For most athletes, standing atop an Olympic podium would be the happiest moment of their career. But when Sugar Ray Leonard won the gold for boxing at the 1976 Olympic Games, he admits he was filled with mixed emotions.
"I was standing on the podium with a gold medal draped around my neck, the National Anthem being played – and I didn't know whether or not to cry or just scream out with joy," Leonard says. "I really felt at that time that my career was over."
Though the obvious next step was to turn professional, Leonard didn't want to go that route. "I had no thoughts about being a professional fighter because I've heard some horrible stories," he says. "I didn’t want to be one of them."
But in an instant, everything changed. "I got home and my dad went into a coma and we had no money," Leonard shares.
The decision was made: he would go pro. "I didn't think twice about that.

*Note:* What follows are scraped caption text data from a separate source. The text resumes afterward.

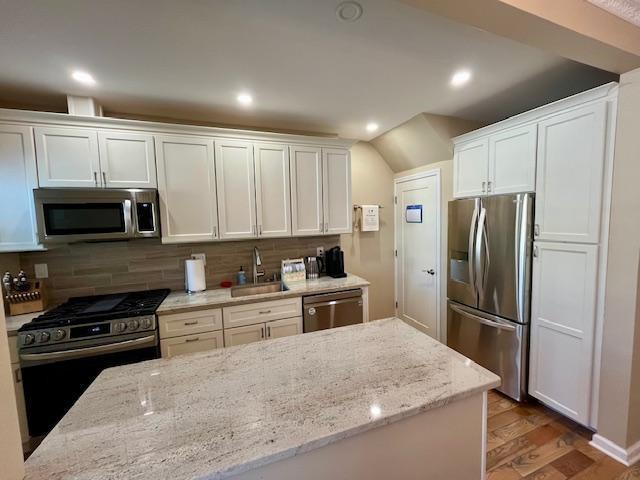 kitchen with white cabinetry, stainless steel appliances, sink, and light stone counters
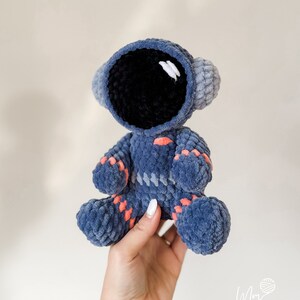 May include: A crocheted blue astronaut toy with a black face and orange accents. The toy is being held by a hand.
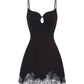 Black slip dress with lace trim on a white background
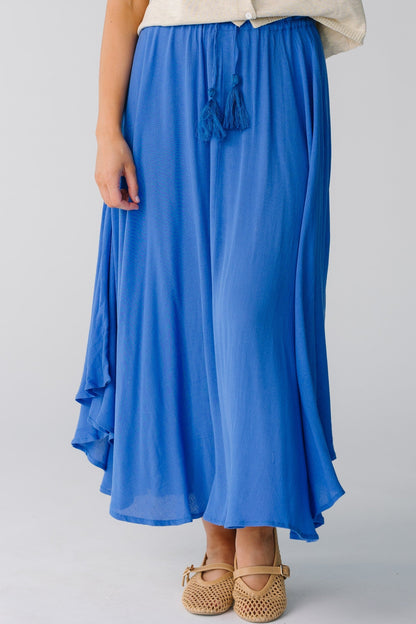 Blue curved hem skirt with tasseled belt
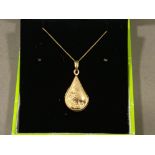 9ct gold rain drop shaped locket on 40cm long chain, 1.9g, boxed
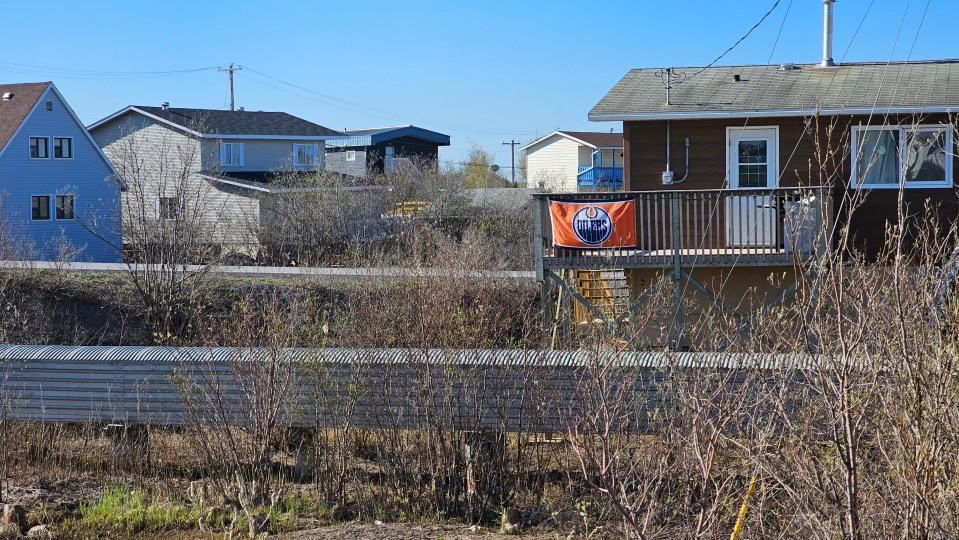 A flag brings some colour to an Inuvik neighbourhood in 2024. Ollie Williams/Cabin Radio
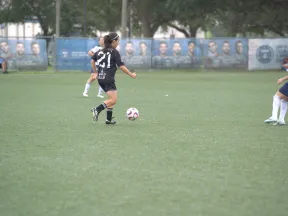 Female soccer player in black jersey controlling the ball on a green field against opponents in white jerseys.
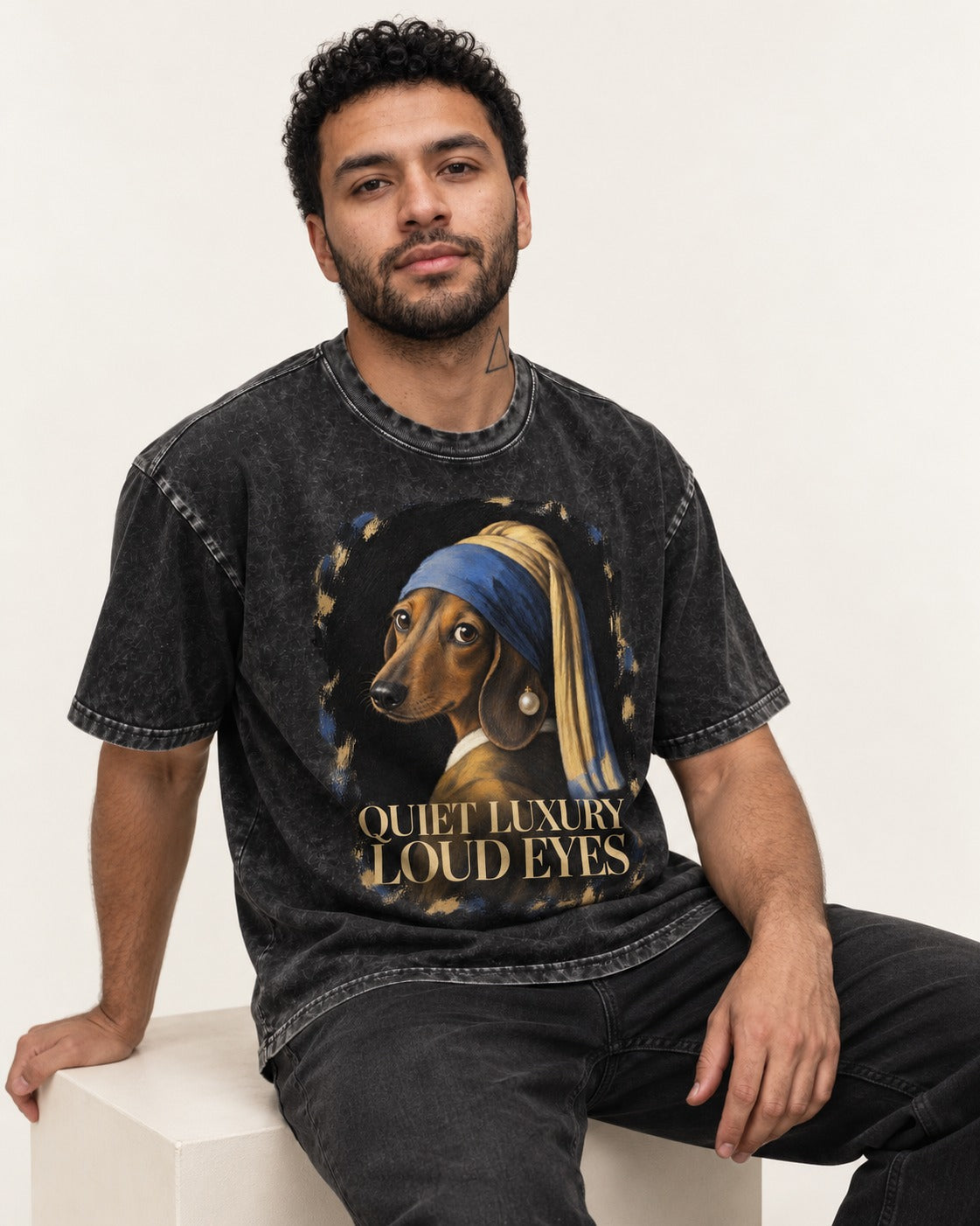 Dachshund Quiet Luxury Loud Eyes Pearl Portrait Graphic Washed Tee in Black, worn by a seated model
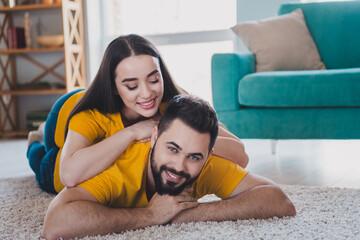 Sticker - Full size photo of two young partners lying carpet floor free time modern interior apartment indoors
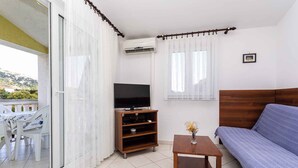 Uma sala de estar com sofá, rack para TV e uma pequena mesa.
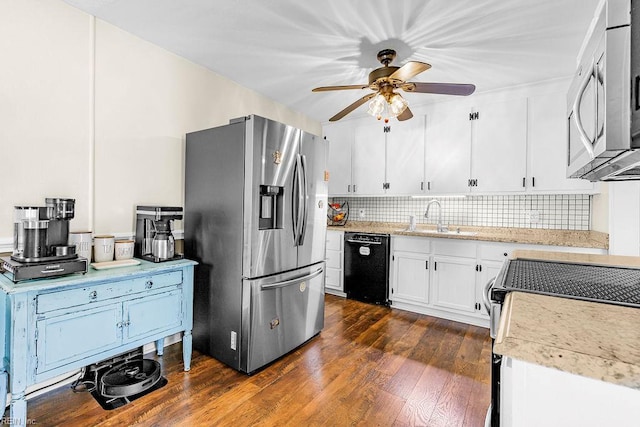 kitchen featuring stainless steel appliances, ceiling fan, decorative backsplash, white cabinetry, and dark wood-style floors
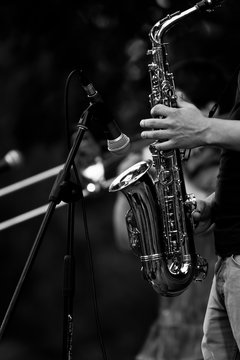 Saxophone in the hands of a musician at a concert in black and white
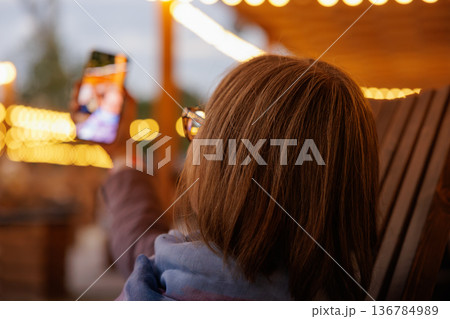 Capturing memories at a cozy evening gathering under sparkling lights Capturing memories at a cozy evening gathering under sparkling lights 136784989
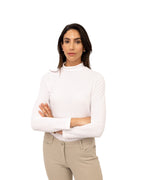 Woman wearing a white sweater and beige pants on a white background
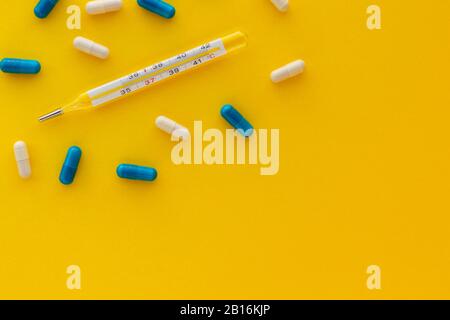 Mercury thermometer, white and blue capsules isolated on bright yellow background. Epidemic, painkillers, healthcare and treatment concept. Flat lay. Stock Photo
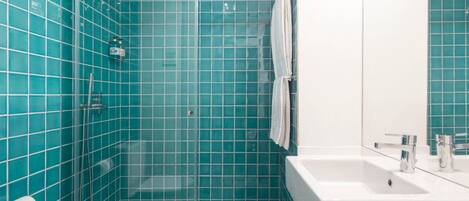 A bathroom with teal tiles, a glass shower enclosure, a white sink, and a mirror.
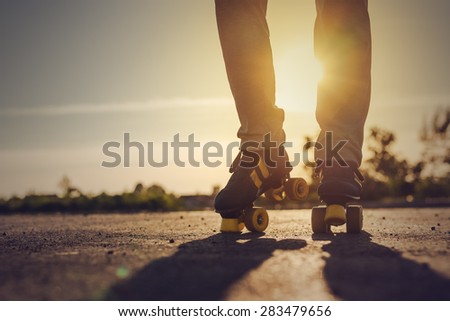 Woman Riding Roller Skates in Urban Environment in Sunset, Selective Focus Toned Image.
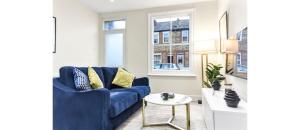 City Elegance: Spacious 2BR for Urban Comfort في تويكنهام: غرفة معيشة مع أريكة زرقاء وطاولة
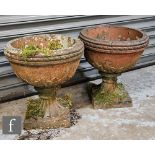 A pair of late 19th to early 20th Century terracotta garden terrace urns, with rope twist style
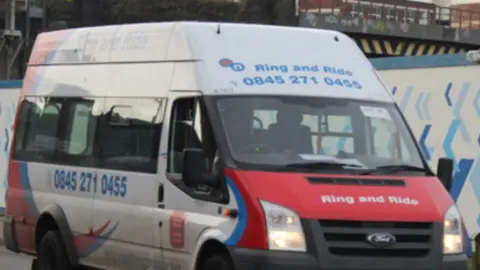 A mainly white bus fills most of the screen. It has the words Ring and Ride and a phone number in blue above the windscreen.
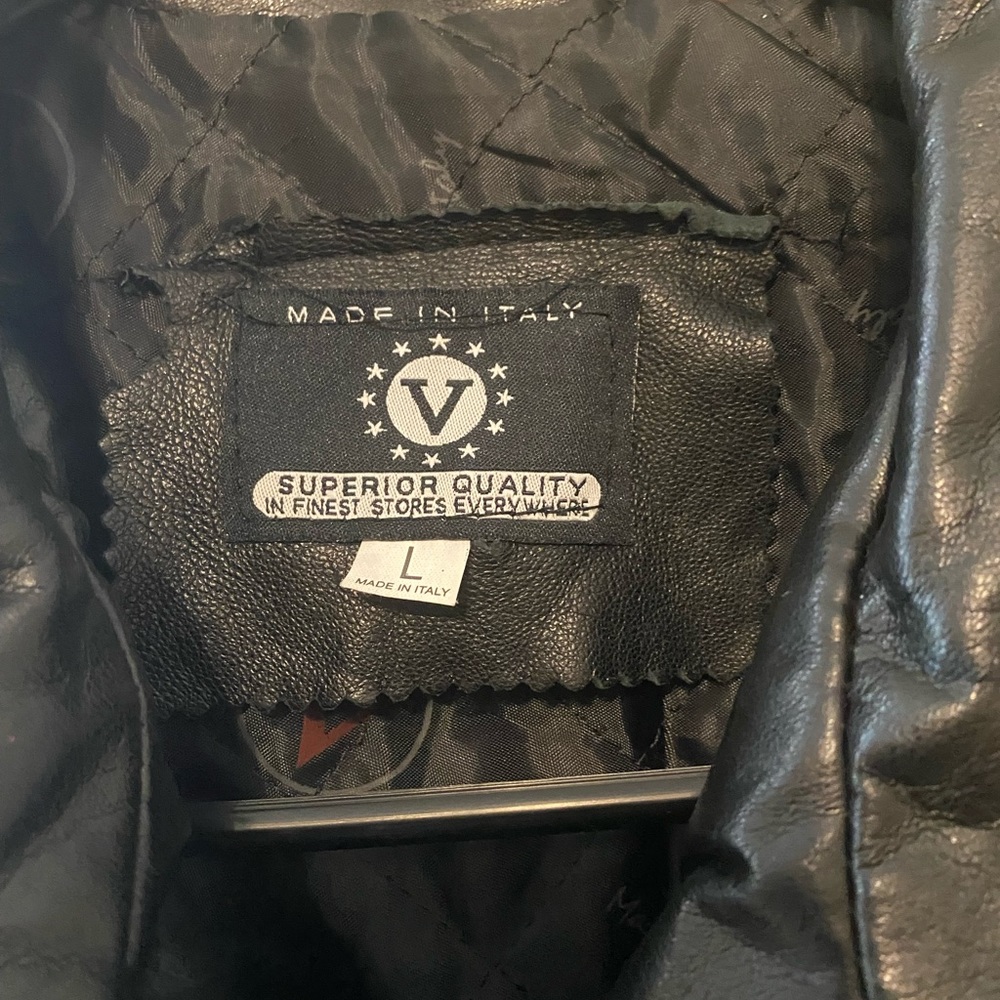 100 percent Italian leather bomber coat quilted interior.Pockets inside.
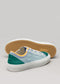 Une paire de chaussures basses TL0004 by Ana sneakers de couleur pastel avec un embout et des lacets blancs, présentées sur un fond neutre.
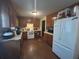Well-lit kitchen with wood cabinets, and modern appliances offering ample counter space at 1091 Summer Lake Rd, Lithia Springs, GA 30122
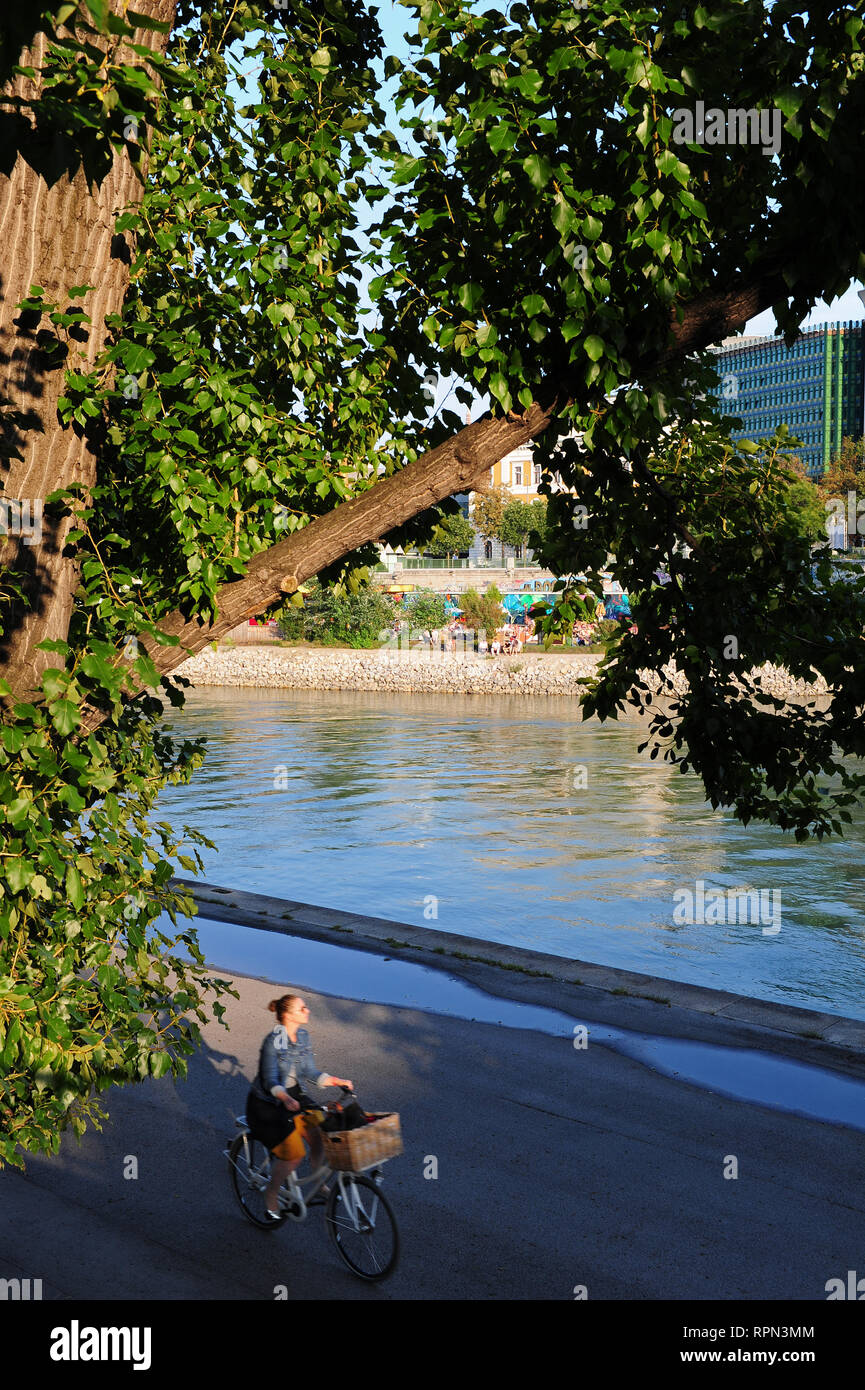 Young woman on a bicycle along the Donaukanal, Vienna, Austria. In the background, Herrmann Strandbar, Vienna's urban beach Stock Photo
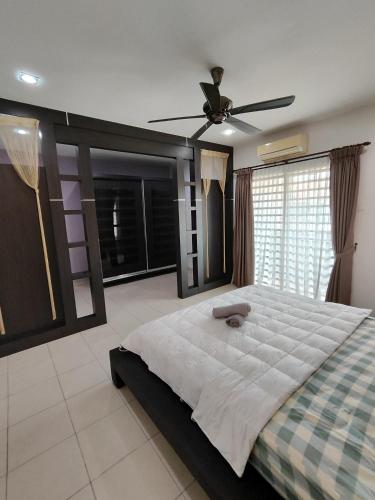 a bedroom with a large bed and a ceiling fan at Ipoh Premium Cozy Relax Home in Ipoh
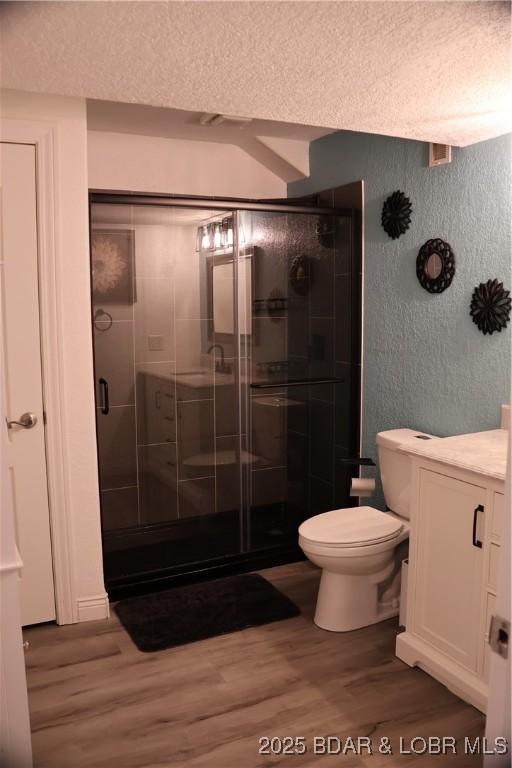 full bath featuring a shower stall, toilet, wood finished floors, a textured wall, and a textured ceiling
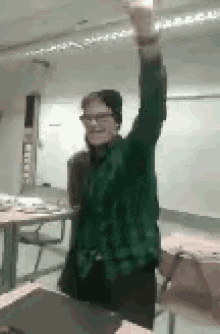 a woman in a green shirt is raising her arm in the air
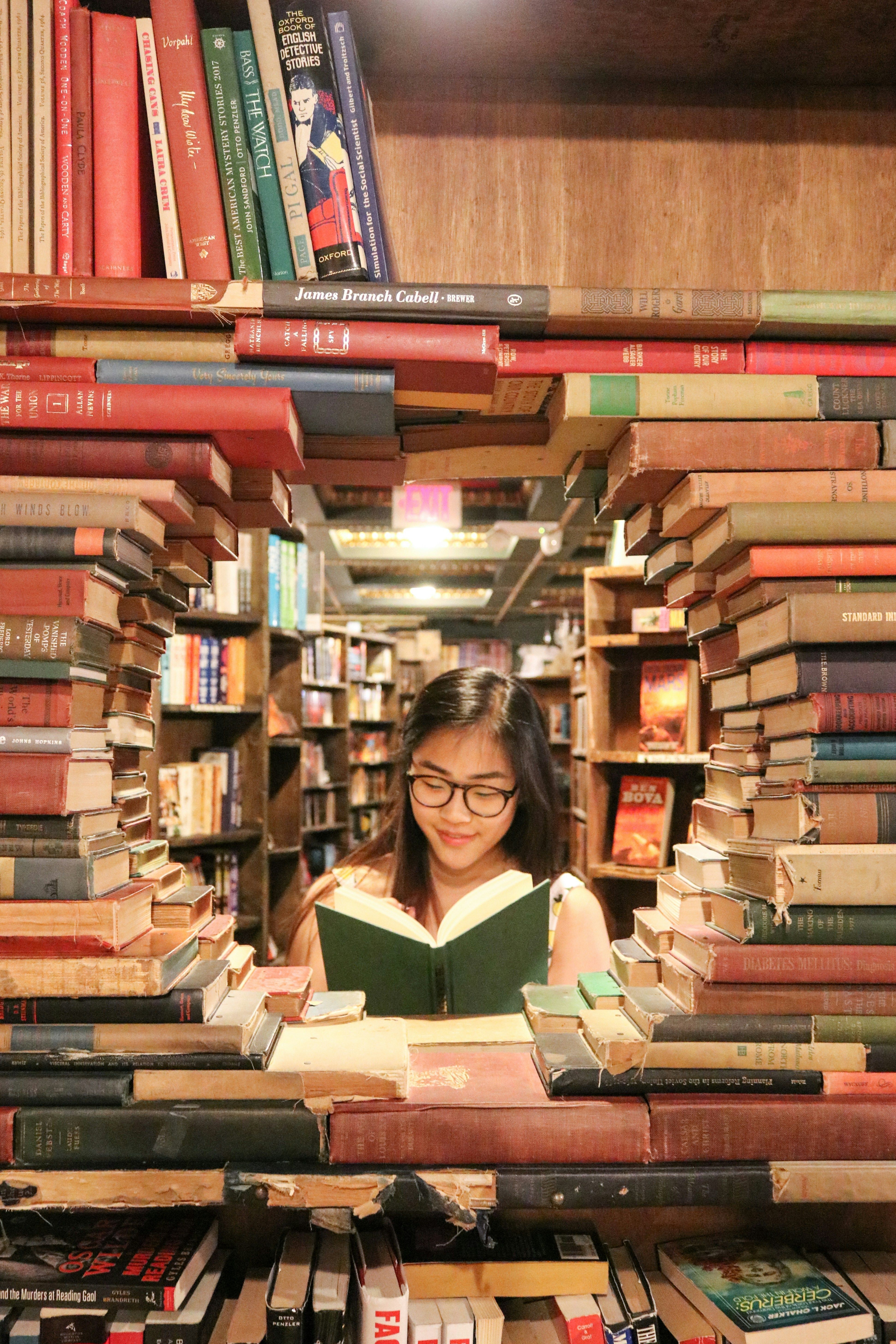 Girl surrounded by books while reading a book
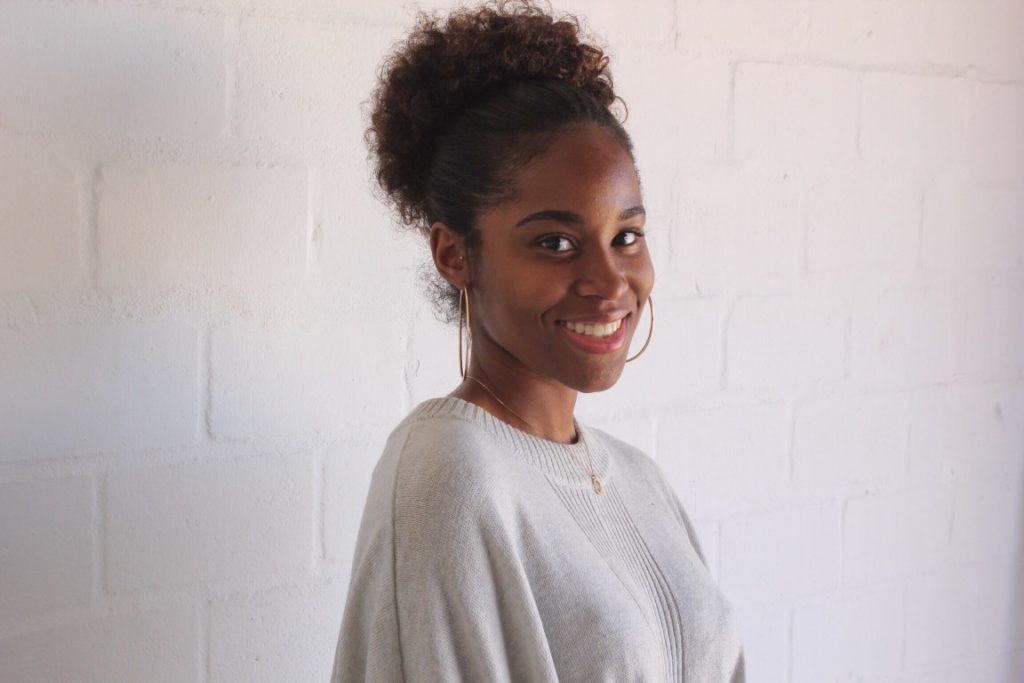 beautiful woman with hoop earrings smiling in front of white wall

I turned professional to help my dad," he says matter-of-factly. "To pay the bills."
As a professional boxer, Leonard went on to win world titles in five weight divisions and earn the nickname "the boxer of the 1980s." Boxing gave him plenty of fame and recognition, but more importantly, it allowed him to provide for his family. "I know my father’s proud of me," Leonard says. "When I presented my parents with their first home paid for, they shared tears like a waterfall. And I did the same."